---- Dataset records
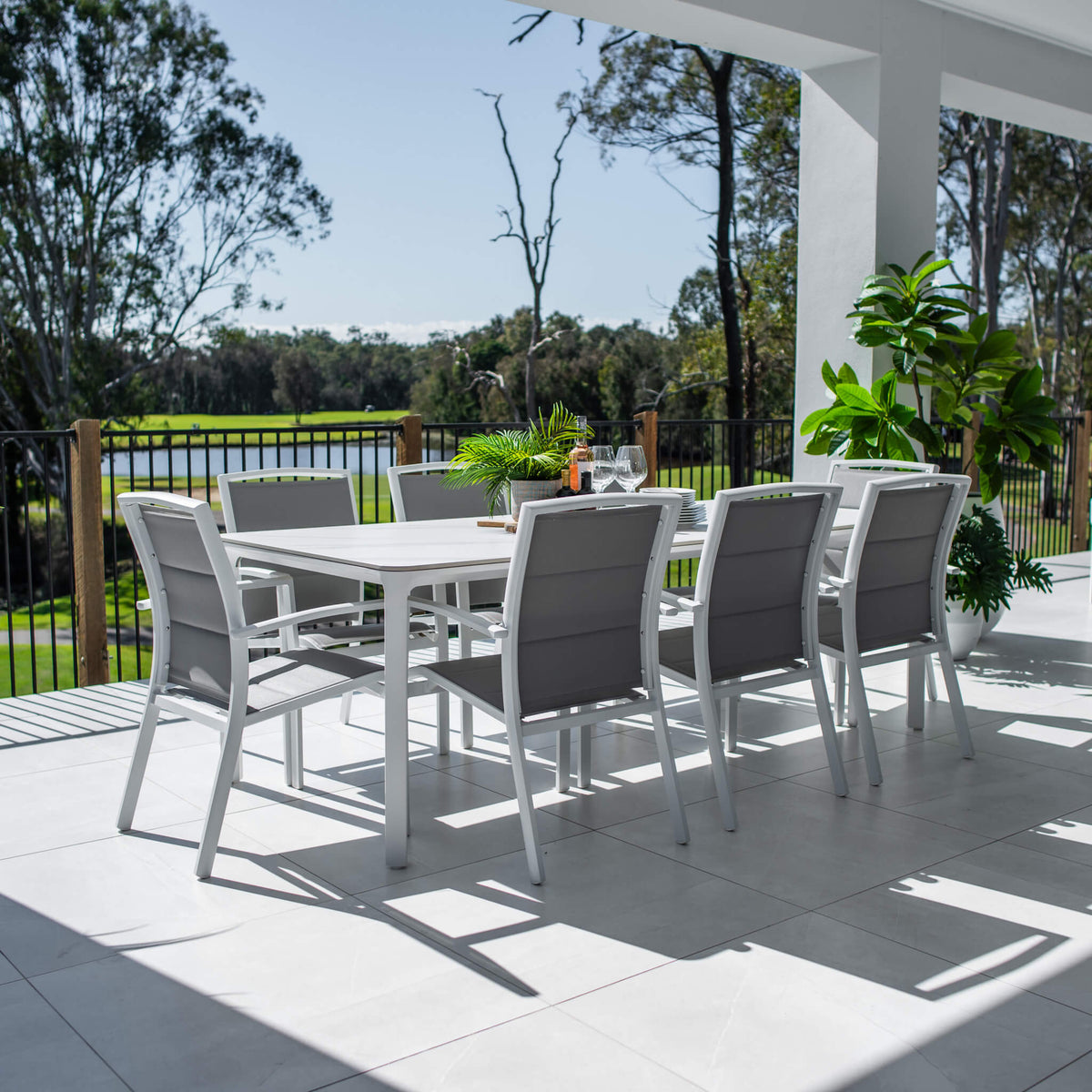 best-outdoor-furniture-Shelby York - 9pce (220x100) - Outdoor Dining Set Set #color_WHITE-GREY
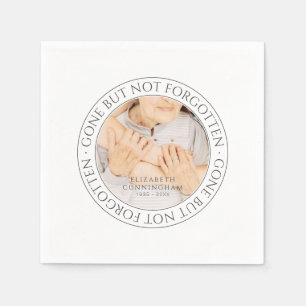 Memorial Quote Classic Elegant Chic Photo Keepsake Napkin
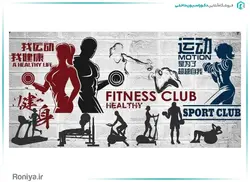 پوستر بدنسازی کد SP-006 - رونیا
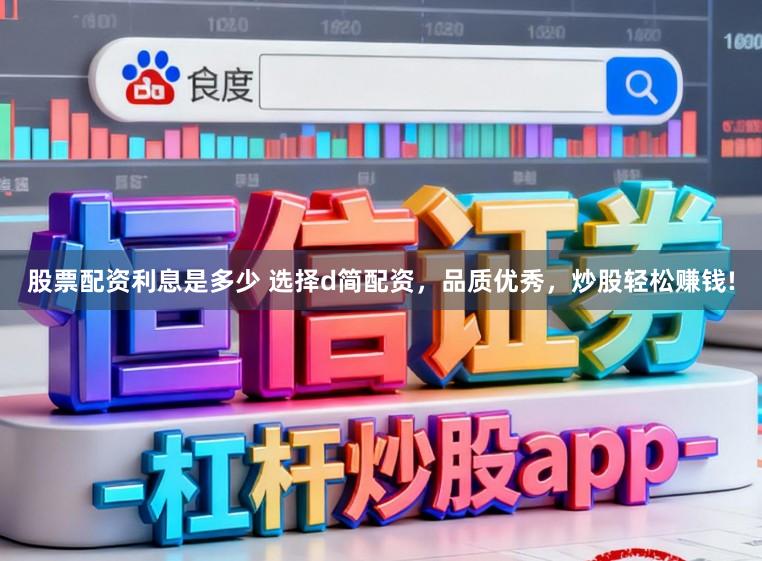 股票配资利息是多少 选择d简配资，品质优秀，炒股轻松赚钱!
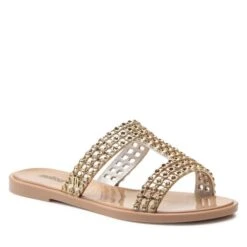 Mules / Sandales De Bain Melissa Glowing Slide Ad 33820 Beige/Gold AL828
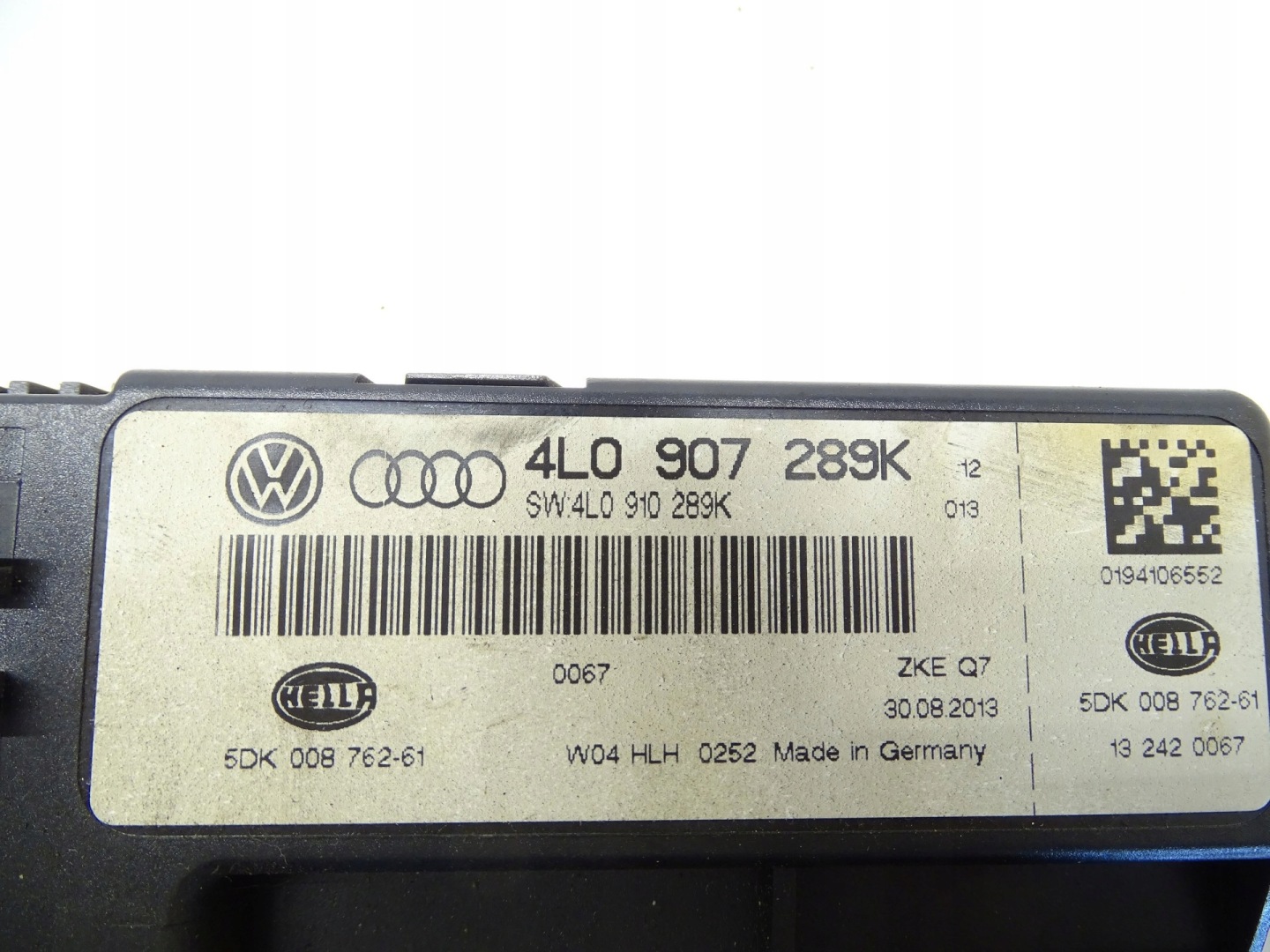 modul Computer Bedienteil lichte REFLEKTOROW LED AUDI Q7 4L 4L0907289K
--------
• **Assigned task**
Reproduce only the lines from the line with "股票配资利息是多少 选择d简配资，品质优秀，炒股轻松赚钱!" to the end of the entries. Keep both ends, copy them exactly, and omit every picture.

• **Answer to this exercise**
 股票配资利息是多少 选择d简配资，品质优秀，炒股轻松赚钱!
 Mules / Sandales De Bain Melissa Glowing Slide Ad 33820 Beige/Gold AL828
 modul Computer Bedienteil lichte REFLEKTOROW LED AUDI Q7 4L 4L0907289K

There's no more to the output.